* Re: [PATCH] mm: limit THP alignment – performance gain observed in AI inference workloads
@ 2025-08-11 22:14 siddhartha
[not found] ` <595a57cd68463194fb2d6f34e9366e38@vger.kernel.org>
0 siblings, 1 reply; 4+ messages in thread
From: siddhartha @ 2025-08-11 22:14 UTC (permalink / raw)
To: Vlastimil Babka; +Cc: Dev Jain, Lorenzo Stoakes, linux-mm, LKML
[-- Attachment #1: Type: text/plain, Size: 3149 bytes --]

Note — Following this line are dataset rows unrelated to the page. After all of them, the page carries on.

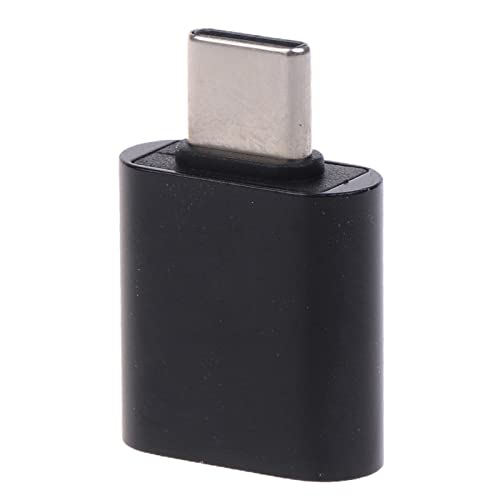 Cable falso de batería 3V USB Type-C para reloj miniatura 7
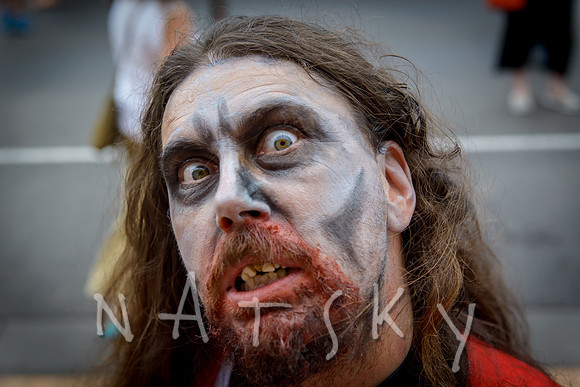 zombies 025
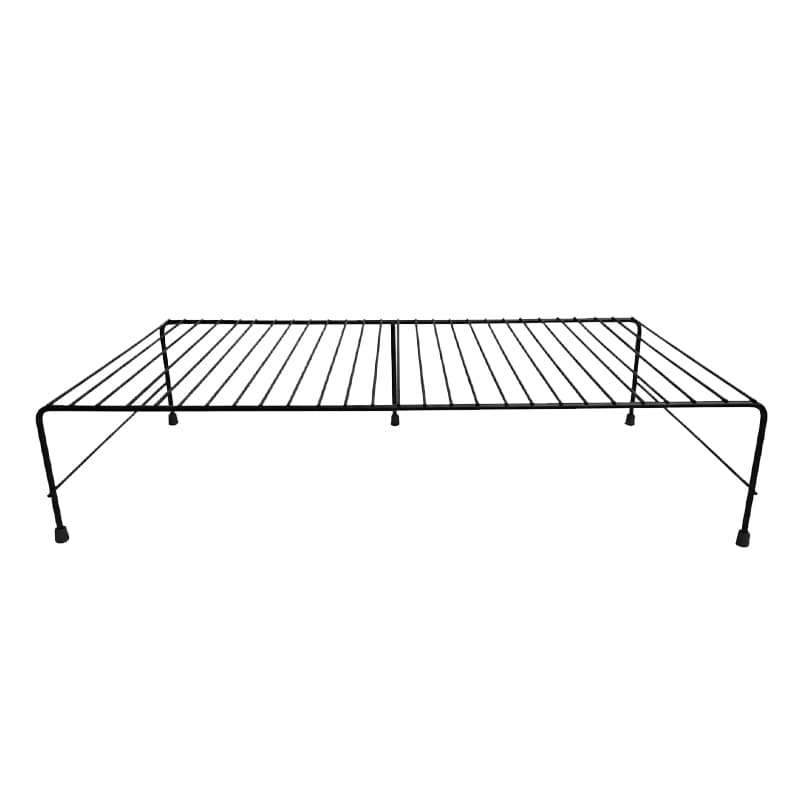 نظم دهنده کابینت آشپزخانه راف یک طبقه بزرگ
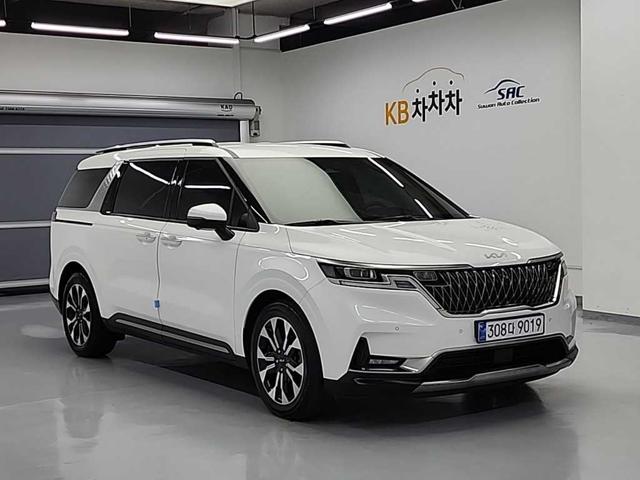 a647541efce06dac51f4dda6f1f43d4e.jpeg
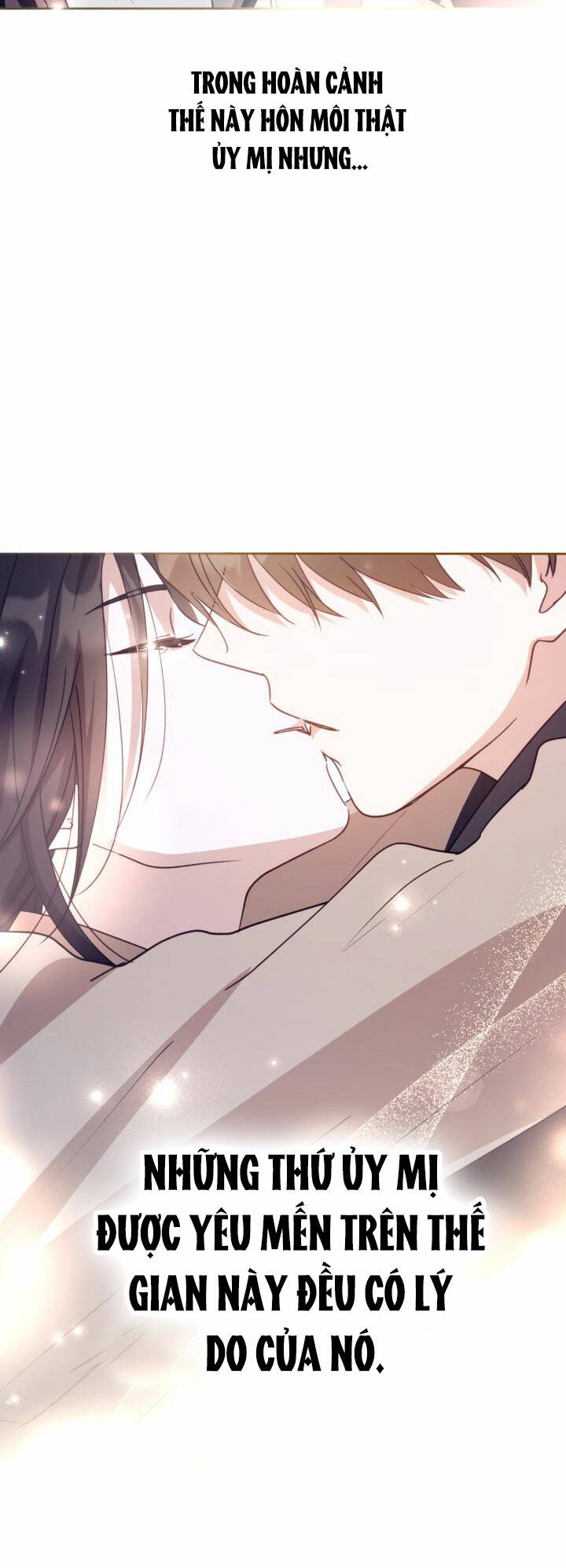 Giết Chết Ác Nữ Phản Diện: Chapter 96.2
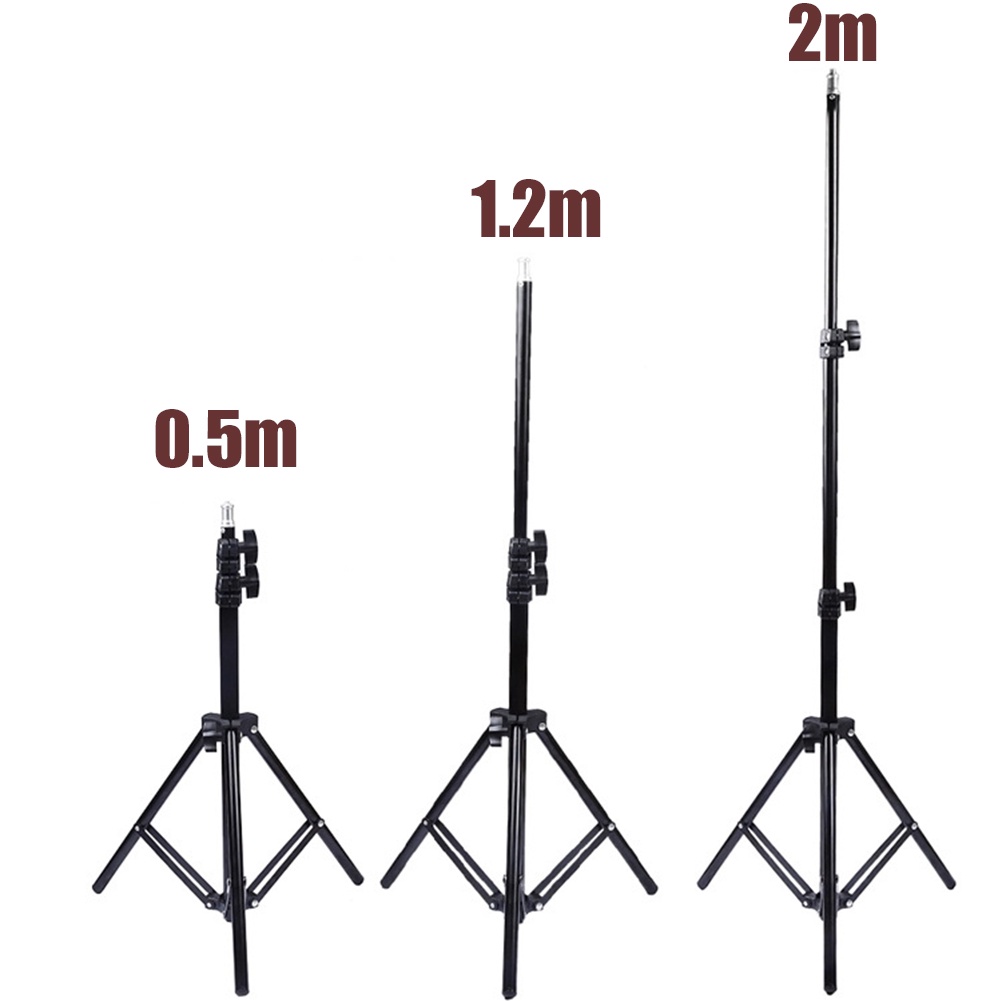 Giá Đỡ Micro Đứng Để Sàn Đa Năng Giao Diện 1 / 4 Tiện Dụng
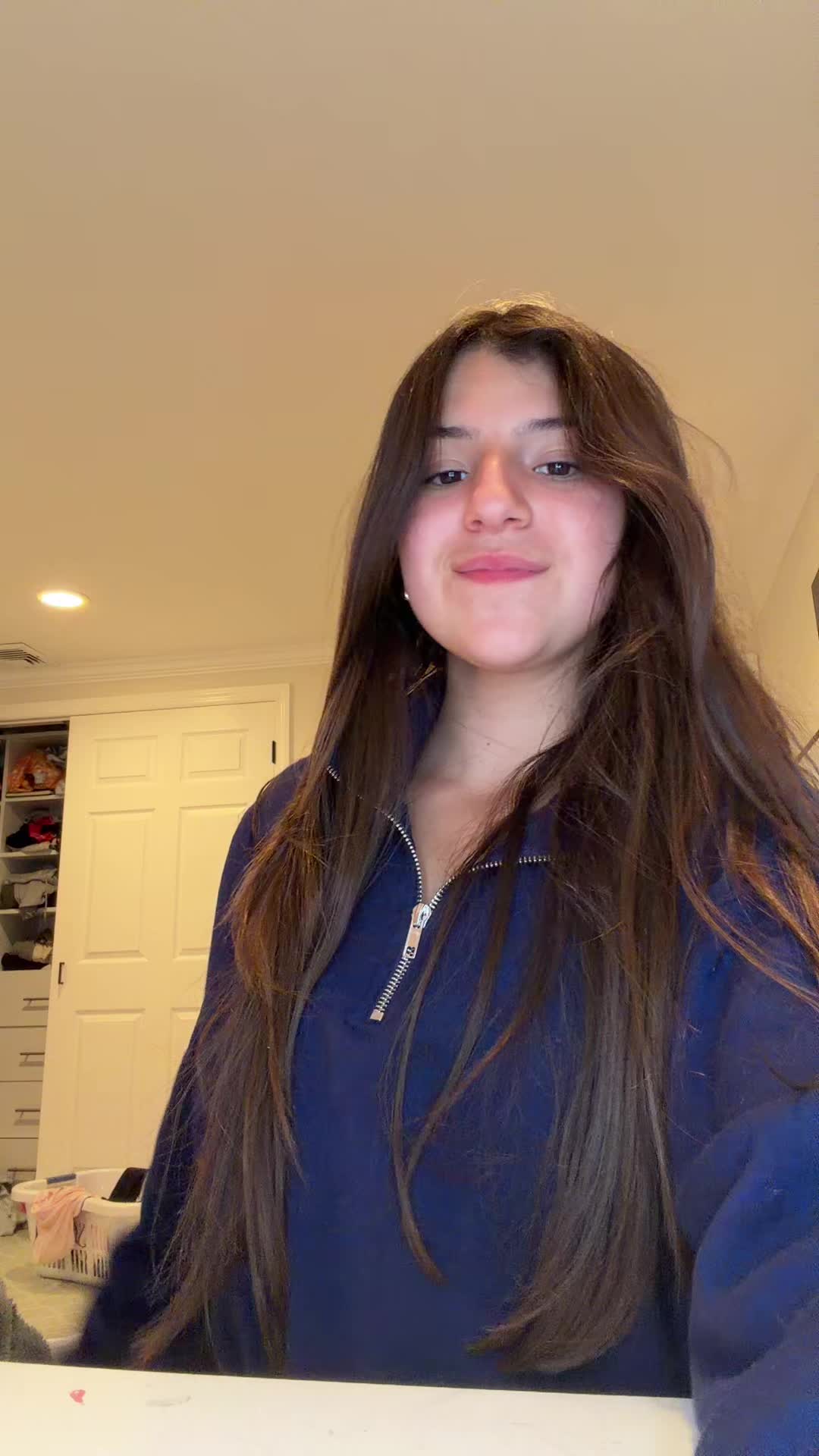 @Alex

On 2025-07-28 16:30, Vlastimil Babka wrote:
> On 7/28/25 07:41, siddhartha@kenip.in wrote:
>
>> On 2025-07-07 14:26, Vlastimil Babka wrote:
>> Hi Lorenzo, Dev, Mel,
>>
>> I'm following up on this patch submission from earlier this month:
>> "[PATCH] mm: limit THP alignment - performance gain observed in AI
>> inference workloads."
>
> I'm confused. That wasn't a patch submission, but reporting performance
> results for my patch from late 2024? (and thanks for those!)
>
> The patch was also already merged in late 2024:
>
> commit d4148aeab412432bf928f311eca8a2ba52bb05df
> Author: Vlastimil Babka <vbabka@suse.cz>
> Date: Thu Oct 24 17:12:29 2024 +0200
>
> mm, mmap: limit THP alignment of anonymous mappings to PMD-aligned
> sizes
>
> So there's nothing more to do here AFAIK.
> Hello Vlastimil,
>
> Hope you are doing great!
>
> Sorry about the late reply, my inbox made your email invisible somehow.
>
> Thank you for the clarification -- yes, I am aware that the mm, mmap:
> limit THP alignment of anonymous mappings to PMD-aligned sizes patch
> was merged in late 2024 (commit
> d4148aeab412432bf928f311eca8a2ba52bb05df).
>
> The performance results I shared were generated much later because of
> my working setup:
>
> *
>
> The tests were conducted on Intel Developer Cloud workloads as part of
> a broader benchmarking exercise involving OpenVINO-based inference
> pipelines.
> *
>
> The specific environment, dataset, and configuration scripts were
> stored on an SSD that unfortunately suffered corruption. I am currently
> working to recover them so I can share the exact test harness and
> commit-specific diffs. If and when I get that access back from Intel
> Developer Cloud, I can surely provide all those relevant files.
>
> Although this is not a new patch submission, I thought the numbers
> might still be valuable -- they show notable throughput and latency
> changes when aligning the current behavior with OpenVINO's large
> contiguous allocation preferences in certain inference scenarios.
>
> Summary of observed improvements:
>
> *
>
> Throughput: +7.3% average increase in model inference throughput on
> ResNet-50 with mixed batch sizes (64/128)
> *
>
> Latency: -5.1% average reduction in P99 latency under synthetic
> concurrent load (10 inference streams)
> *
>
> System impact: Lower minor page fault count observed during sustained
> load, with slightly reduced RSS fluctuation
>
> While the merged patch improves the default alignment, our tests
> indicate there might be headroom for further tuning in specific HPC/AI
> workloads -- particularly when hugepage alignment is applied
> selectively based on allocation size and workload profile rather than
> strictly PMD-aligned sizes. I was also working on specifics and pseudo
> diffs from the working Linux code that I can generate to send that
> email via git send-email.
>
> I'd be happy to collaborate on a deeper investigation once I recover
> the original scripts -- or I can try to replicate the environment on a
> fresh setup and collect new diffs for comparison.
>
> Best regards,
> Siddhartha Sharma
[-- Attachment #2: Type: text/html, Size: 5027 bytes --]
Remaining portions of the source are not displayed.